BATTERED BASTARDS OF BASEBALL
Can’t watch the Dodgers because you don’t have Time Warner Cable? Then check out the antics of the Portland Mavericks, the freewheeling, rule-bending, thoroughly unconventional minor league team run by Kurt Russell’s father Bing in the early 1970s.
STARRED UP
Some early festival viewers have said you need subtitles to understand some of the thick British dialects in David Mackenzie’s dark prison drama – but everybody agreed that it is unflinching, brutal and memorable.
MY NAME IS SALT
Most people may not think of salt as something that has to be farmed, but that’s what families do in desert salt plains in India, extracting salt crystals from the earth for eight months out of every year. Director Farida Pacha follows one family in a cinema verite documentary.
MAN FROM RENO
Partly in Japanese and partly in English, Dave Boyle’s neo-noir thriller finds a Japanese mystery novelist embroiled in a real-life mystery in San Francisco.
LOVE IS STRANGE
Director Ira Sachs won praise for his 2012 drama “Keep the Lights On,” and he’s followed it up with a drama starring John Lithgow and Alfred Molina as a gay couple forced to live apart after they marry. A good companion piece: the LAFF documentary “Limited Partnership,” about one of the first gay marriages.
EVOLUTION OF A CRIMINAL
This documentary delves into a 1997 armed robbery that sent a former honor student to prison in Houston. But its point-of-view is unique, because director Darius Clark Monroe was the crime’s mastermind, and he uses the film to examine his own culpability.
OF HORSES AND MEN
Iceland’s entry in the Oscar foreign-language competition last year, “Of Horses and Men” is a visually stunning, strangely funny and occasionally disturbing look at a world in which the animals are sometimes more human than the people. It is like nothing you’ve seen before.
STRAY DOG
Director Debra Granik won praise (and put Jennifer Lawrence on the map) with her 2010 drama “Winter’s Bone,” but this character study of a biker and Vietnam vet is her first documentary.
LAKE LOS ANGELES
In a festival heavy with movies set in or inspired by Los Angeles and Southern California, “Littlerock” director Mike Ott is represented by the final installment in his acclaimed “Antelope Valley trilogy” – a drama about two young immigrants in the California desert.

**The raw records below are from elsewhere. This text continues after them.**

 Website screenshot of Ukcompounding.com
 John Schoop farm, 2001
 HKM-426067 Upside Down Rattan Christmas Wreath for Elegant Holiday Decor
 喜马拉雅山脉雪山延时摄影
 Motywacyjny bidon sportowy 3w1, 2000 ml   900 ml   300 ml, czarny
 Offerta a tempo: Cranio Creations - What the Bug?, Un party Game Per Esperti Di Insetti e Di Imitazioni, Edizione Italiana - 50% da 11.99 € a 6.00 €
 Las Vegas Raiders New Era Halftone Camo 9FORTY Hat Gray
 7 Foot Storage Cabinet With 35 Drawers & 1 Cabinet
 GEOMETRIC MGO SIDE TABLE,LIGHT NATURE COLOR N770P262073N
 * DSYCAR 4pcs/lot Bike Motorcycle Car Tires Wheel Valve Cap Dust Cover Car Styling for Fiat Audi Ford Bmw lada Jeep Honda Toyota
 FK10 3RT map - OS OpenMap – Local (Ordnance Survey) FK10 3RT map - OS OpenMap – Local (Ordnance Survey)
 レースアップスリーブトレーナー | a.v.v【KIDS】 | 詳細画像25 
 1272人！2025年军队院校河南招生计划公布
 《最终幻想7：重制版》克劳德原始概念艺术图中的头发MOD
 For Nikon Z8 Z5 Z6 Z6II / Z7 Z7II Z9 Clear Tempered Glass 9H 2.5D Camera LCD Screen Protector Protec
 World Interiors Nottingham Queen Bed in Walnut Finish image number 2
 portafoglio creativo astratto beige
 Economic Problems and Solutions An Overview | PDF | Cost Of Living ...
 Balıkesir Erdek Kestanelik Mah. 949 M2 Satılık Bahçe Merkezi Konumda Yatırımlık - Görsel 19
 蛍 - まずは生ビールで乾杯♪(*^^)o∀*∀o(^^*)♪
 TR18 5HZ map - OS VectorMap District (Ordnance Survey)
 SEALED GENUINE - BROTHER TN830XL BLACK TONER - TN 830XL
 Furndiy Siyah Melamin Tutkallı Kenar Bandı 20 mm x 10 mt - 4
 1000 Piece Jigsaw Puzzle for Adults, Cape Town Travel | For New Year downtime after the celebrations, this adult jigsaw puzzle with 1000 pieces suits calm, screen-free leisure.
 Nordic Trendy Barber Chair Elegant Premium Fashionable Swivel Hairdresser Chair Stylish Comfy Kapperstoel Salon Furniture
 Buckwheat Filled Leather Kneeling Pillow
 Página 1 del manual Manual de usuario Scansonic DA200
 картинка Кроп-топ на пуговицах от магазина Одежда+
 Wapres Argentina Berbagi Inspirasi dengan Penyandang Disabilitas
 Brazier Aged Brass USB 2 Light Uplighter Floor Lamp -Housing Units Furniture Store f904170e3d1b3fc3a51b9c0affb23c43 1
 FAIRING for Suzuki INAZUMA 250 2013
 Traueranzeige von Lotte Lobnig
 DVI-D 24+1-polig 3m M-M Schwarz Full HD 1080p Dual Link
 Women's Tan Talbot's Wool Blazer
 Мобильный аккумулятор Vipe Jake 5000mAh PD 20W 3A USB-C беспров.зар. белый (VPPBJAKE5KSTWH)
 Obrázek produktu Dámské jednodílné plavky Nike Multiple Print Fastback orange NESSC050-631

I AM BIG BIRD: THE CARROLL SPINNEY STORY
This is the second recent documentary to chronicle the puppeteer behind a much-loved Sesame Street character, after “Being Elmo: A Puppeteer’s Journey” (whose subject ran into legal problems around the time the movie was released). Drawing from extensive home video footage shot by the man behind Big Bird and Oscar the Grouch, Dave LaMattina and Chad Walker follow a performer who’s having a hard time putting down the bird suit and stepping into retirement.
BILLY MIZE AND THE BAKERSFIELD SOUND
The LAFF program is filled with movies about music, from Clint Eastwood’s “Jersey Boys” and John Ridley’s “Jimi: All Is By My Side” to a documentary about jazz musician Frank Morgan to an in-depth look at the videos for Beyonce’s last album. But there’s something particularly intriguing about William J. Saunders’ look at a man instrumental in the creation of the raw, exciting sound that helped transform country music.